Brian Crabtree

Personal information
- Born: Halifax, West Riding of Yorkshire, England

Professional wrestling career

= Brian Crabtree =

British professional wrestler

Brian W. Crabtree is an English retired professional wrestler, referee and master of ceremonies, known for working alongside his brothers Shirley Crabtree, better known as Big Daddy, and promoter Max Crabtree in the British wrestling business.

== Career ==
Crabtree, along with his brothers Shirley and Max, got into wrestling after completing his National Service. It was during a match against a Hungarian wrestler that he sustained an injury and never wrestled again, causing him to become a referee. Before the mid-1970s, Brian and Max worked together in running 20th Century Promotions, an independent wrestling organisation outside of Joint Promotions, the largest wrestling promotion in the United Kingdom.
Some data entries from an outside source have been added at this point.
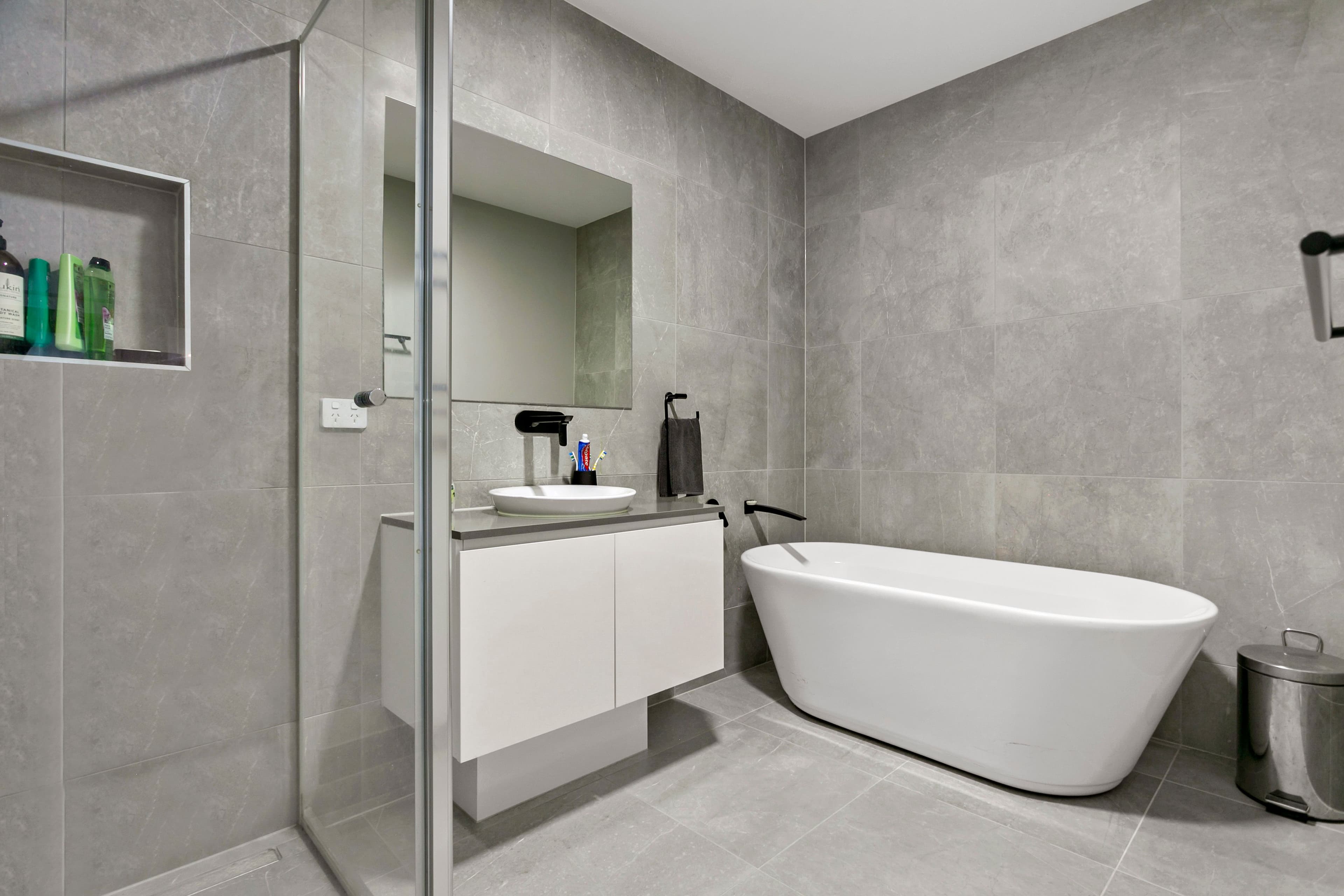 4 Carramar Street, Chadstone VIC 3148, Chadstone - Thumbnail 4
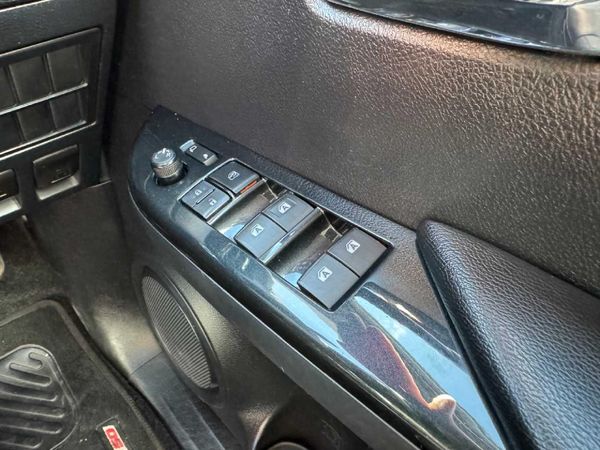 2020-Toyota-Hilux-28-GD-6-Raider-4x4-Auto-Double-Cab image:11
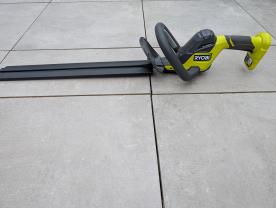 Location : taille haie Location : taille haie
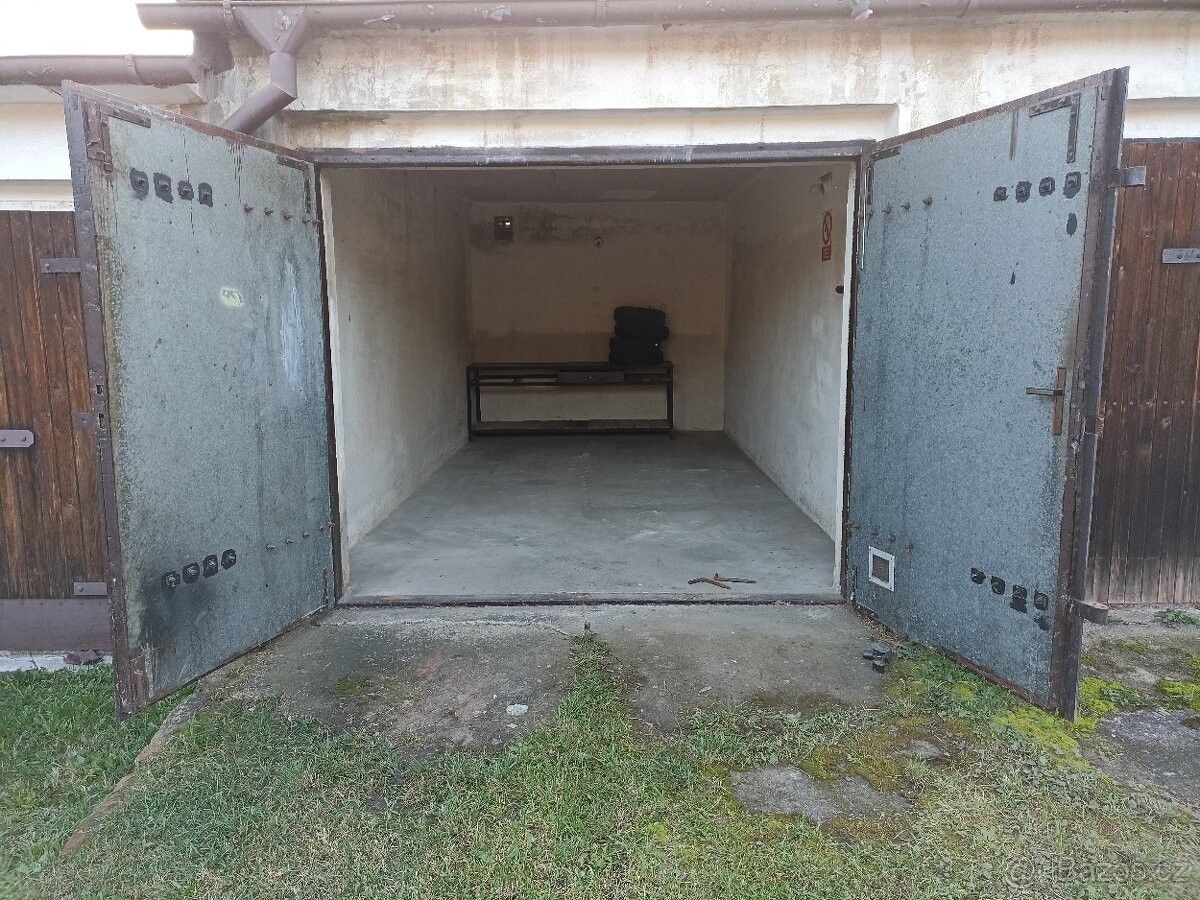 Garáže, Litvínov, 436 01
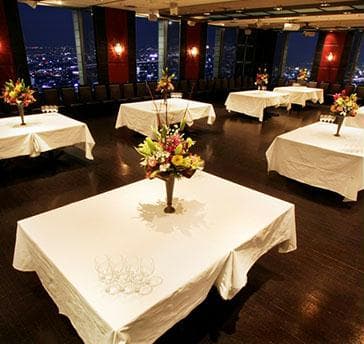 貸切は最大立食400名！大小合わせて13個室あるので、人数に合わせたスペースで大切なひと時をゲストの皆様と一緒にお過ごしください。お控室やプロジェクター・スクリーンなども用意できますのでご相談ください！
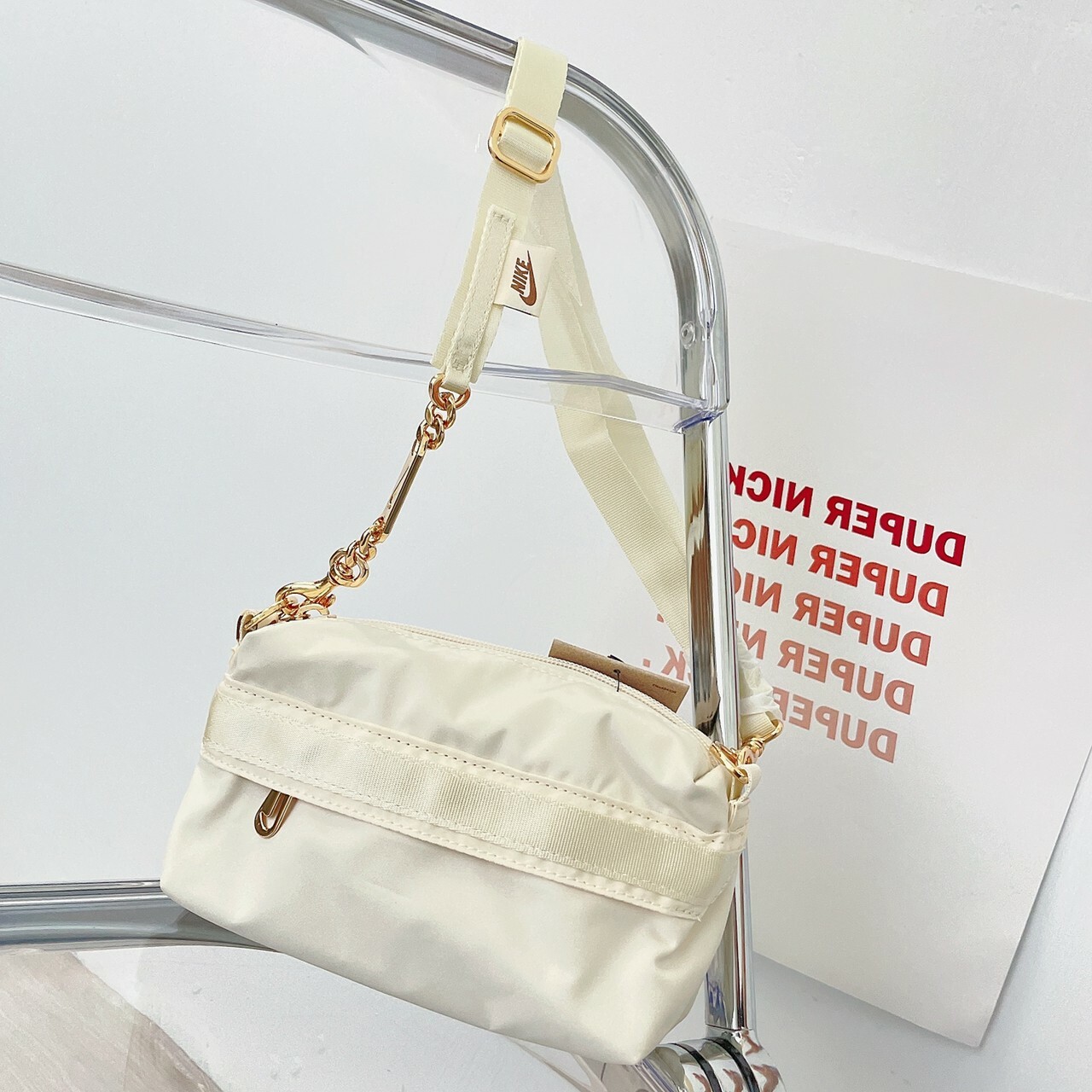 NIKE 米色 緞面 側背 小包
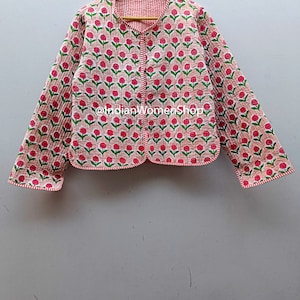 Giacca trapuntata in tessuto con stampa floreale rosa a blocchi Giacca corta Kimono Kantha Cappotto da donna Giacca corta nuovo stile immagine 3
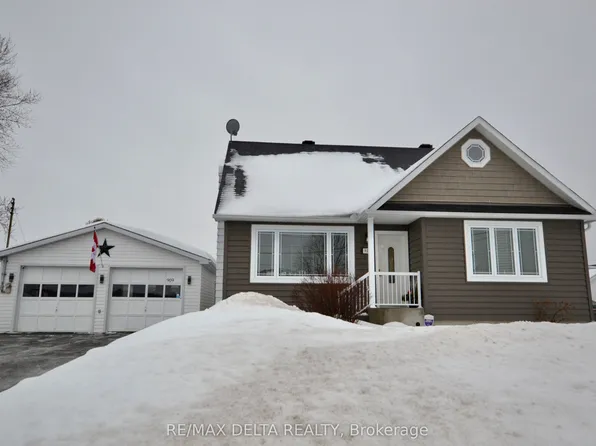 909 Chapman St, Clarence Rockland, ON K4K 1E5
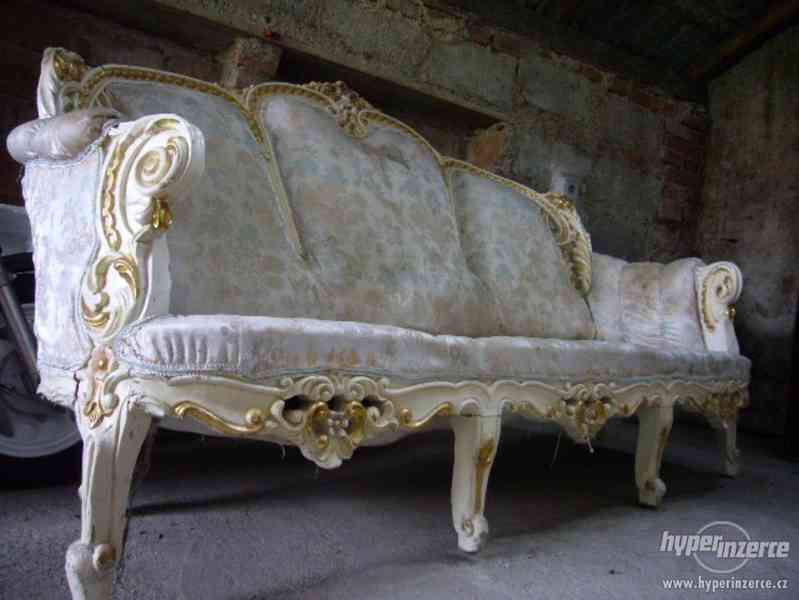 Zámecké sofa a křesla na renovaci - foto 4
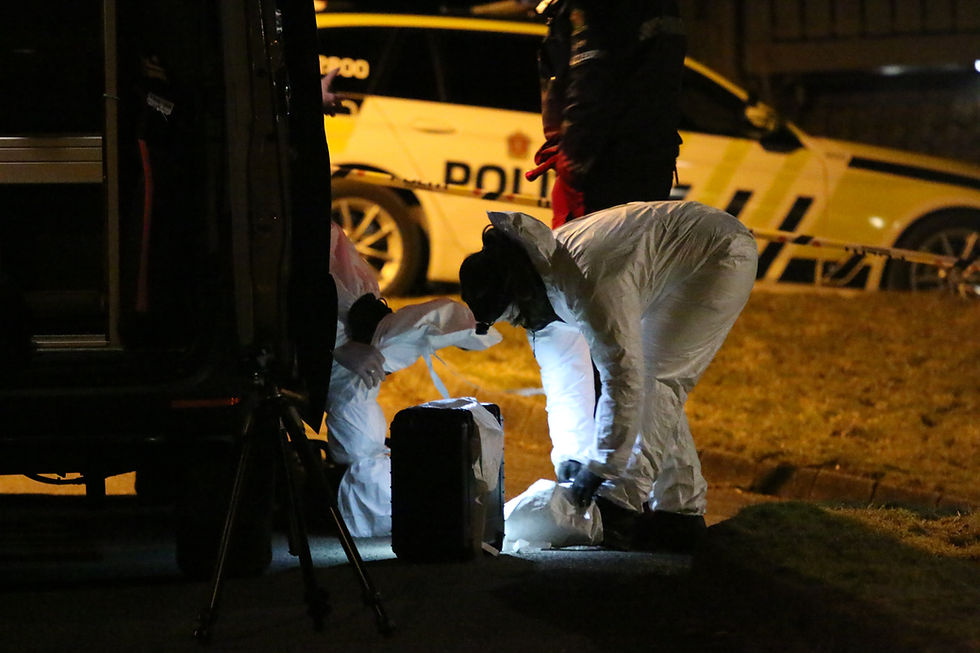 Gjerningspersonen er fortsatt på frifot etter voldshendelsen i Arna i Bergen søndag. Foto: Richard Halland / NTB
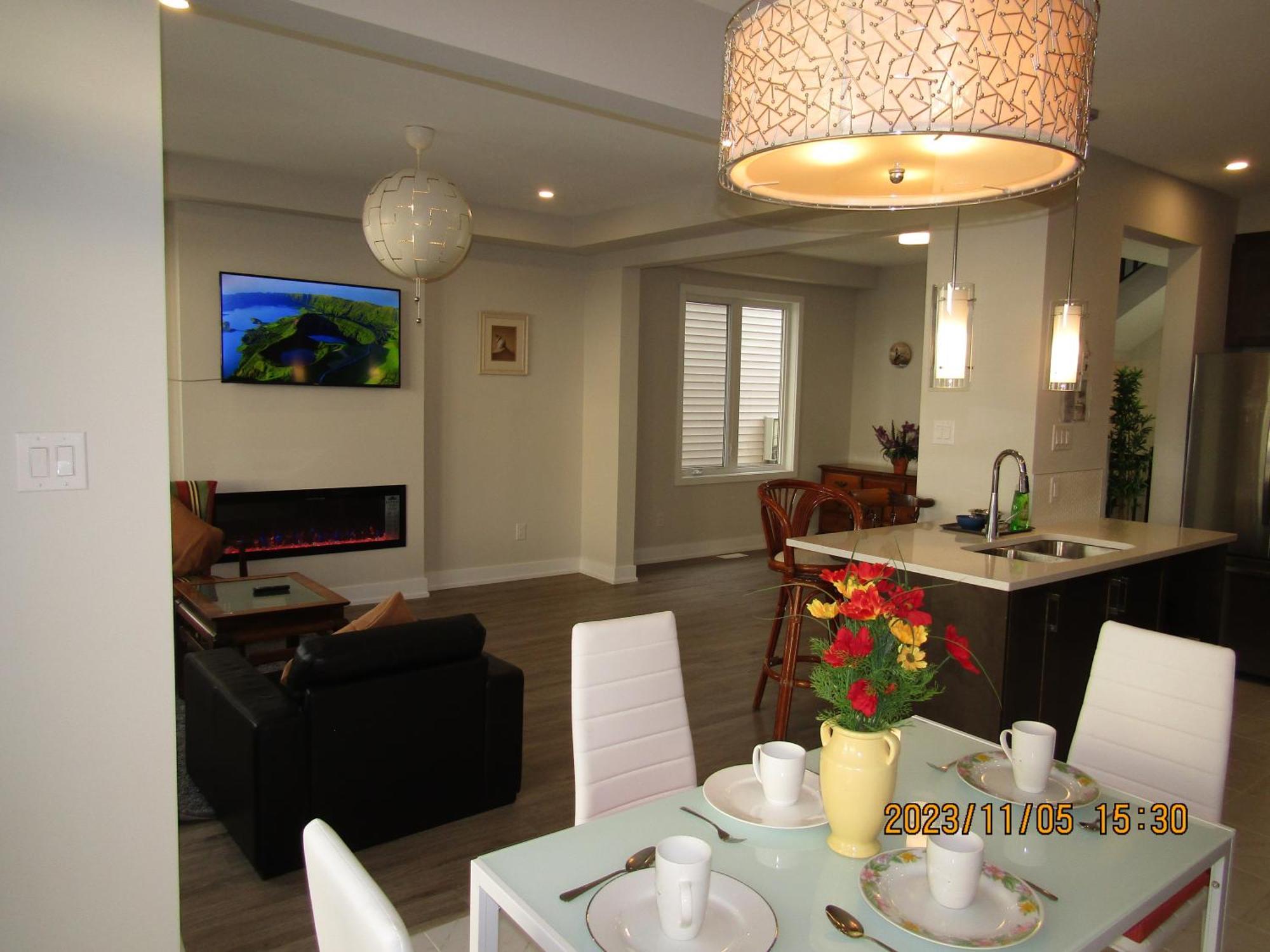 Homestay Moral's Inn- Ottawa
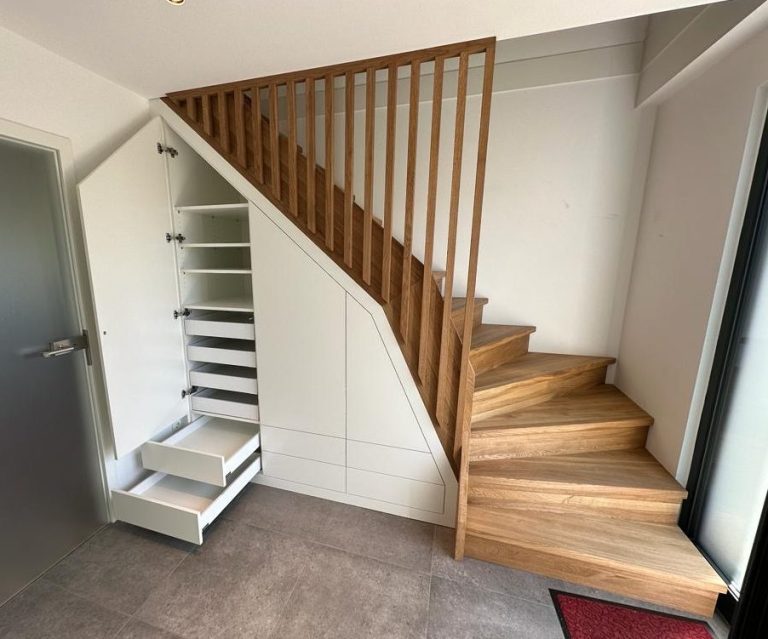 Eiche-Treppe geöffnet – Schreinerei Hofmann Bamberg Holztreppe aus Eiche mit geöffnetem Einbauschrank und weißen Schubkästen – Schreinerei Hofmann Bamberg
He later joined his brothers in Joint Promotions in the 1970s after Max took over as Joint's booker and Crabtree became a referee for Joint as a result. However, on one occasion due to the Crabtree brothers' closeness with each other, Kendo Nagasaki refused to wrestle Big Daddy (Shirley) with Crabtree refereeing. Crabtree was a regular ring announcer on World of Sport. He would primarily do ring announcing on television however on occasion he would stand in for Max Ward as the referee for televised matches on ITV. He did get involved in a match in 1979 between Big Daddy and John Quinn where he was knocked out by Quinn after standing on the ring apron. Outside of wrestling, he has acted in a number of films, (No Blade of Grass, The Wild Bunch), and held an Equity card.

== Personal life ==
Brian is the brother of professional wrestler Shirley Crabtree, and promoter Max Crabtree. His nephew Eorl Crabtree is a retired professional rugby league player.